Vision Language Model-Empowered Contract Theory for AIGC Task Allocation in Teleoperation
Zijun Zhan, Yaxian Dong, Yuqing Hu, Shuai Li, Shaohua Cao, and Zhu Han

TL;DR
This paper introduces a novel framework using vision language models and contract theory to optimize AIGC task allocation in teleoperation, improving utility for teleoperators and edge servers under information asymmetry.
Contribution
The paper proposes a VLM-empowered contract theory framework for automatic AIGC task difficulty assessment and optimal pricing strategy under information asymmetry in teleoperation.
Findings
Improved teleoperator utility by 10.88-12.43%
Enhanced edge server utility by 1.4-2.17%
Framework effectively handles demand uncertainty
Abstract
Integrating low-light image enhancement techniques, in which diffusion-based AI-generated content (AIGC) models are promising, is necessary to enhance nighttime teleoperation.
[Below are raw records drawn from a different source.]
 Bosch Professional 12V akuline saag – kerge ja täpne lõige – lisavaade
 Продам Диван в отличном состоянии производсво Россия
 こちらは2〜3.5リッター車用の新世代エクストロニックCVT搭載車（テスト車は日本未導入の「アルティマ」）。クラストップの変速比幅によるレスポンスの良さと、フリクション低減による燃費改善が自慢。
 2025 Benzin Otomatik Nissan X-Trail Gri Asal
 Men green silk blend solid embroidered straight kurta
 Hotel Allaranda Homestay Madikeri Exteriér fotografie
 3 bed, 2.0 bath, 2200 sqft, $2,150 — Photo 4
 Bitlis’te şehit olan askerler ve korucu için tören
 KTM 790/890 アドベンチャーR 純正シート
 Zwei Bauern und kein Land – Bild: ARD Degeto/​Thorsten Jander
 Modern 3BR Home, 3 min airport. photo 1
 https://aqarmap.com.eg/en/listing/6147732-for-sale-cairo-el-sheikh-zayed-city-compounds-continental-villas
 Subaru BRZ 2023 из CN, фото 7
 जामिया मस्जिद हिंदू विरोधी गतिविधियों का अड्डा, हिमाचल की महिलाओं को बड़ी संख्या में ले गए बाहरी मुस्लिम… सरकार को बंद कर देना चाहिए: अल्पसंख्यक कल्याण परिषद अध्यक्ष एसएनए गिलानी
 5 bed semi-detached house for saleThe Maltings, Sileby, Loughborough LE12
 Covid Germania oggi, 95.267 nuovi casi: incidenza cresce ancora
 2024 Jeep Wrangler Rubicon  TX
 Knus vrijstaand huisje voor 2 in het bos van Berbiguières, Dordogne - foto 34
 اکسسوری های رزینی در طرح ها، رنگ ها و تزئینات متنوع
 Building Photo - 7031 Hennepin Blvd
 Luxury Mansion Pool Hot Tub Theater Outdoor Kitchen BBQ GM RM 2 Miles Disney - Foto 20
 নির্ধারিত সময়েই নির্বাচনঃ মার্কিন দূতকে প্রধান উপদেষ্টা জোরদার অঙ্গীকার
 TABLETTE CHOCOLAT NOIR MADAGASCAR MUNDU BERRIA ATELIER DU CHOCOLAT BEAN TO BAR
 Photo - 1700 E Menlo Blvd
Remarkably, the AIGC model is computation-intensive, thus necessitating the allocation of AIGC tasks to edge servers with ample computational resources. Given the distinct cost of the AIGC model trained with varying-sized datasets and AIGC tasks possessing disparate demand, it is imperative to formulate a differential pricing strategy to optimize the utility of teleoperators and edge servers concurrently. Nonetheless, the pricing strategy formulation is under information asymmetry, i.e., the demand (e.g., the difficulty level of AIGC tasks and their distribution) of AIGC tasks is hidden information to edge servers. Additionally, manually assessing the difficulty level of AIGC tasks is tedious and unnecessary for…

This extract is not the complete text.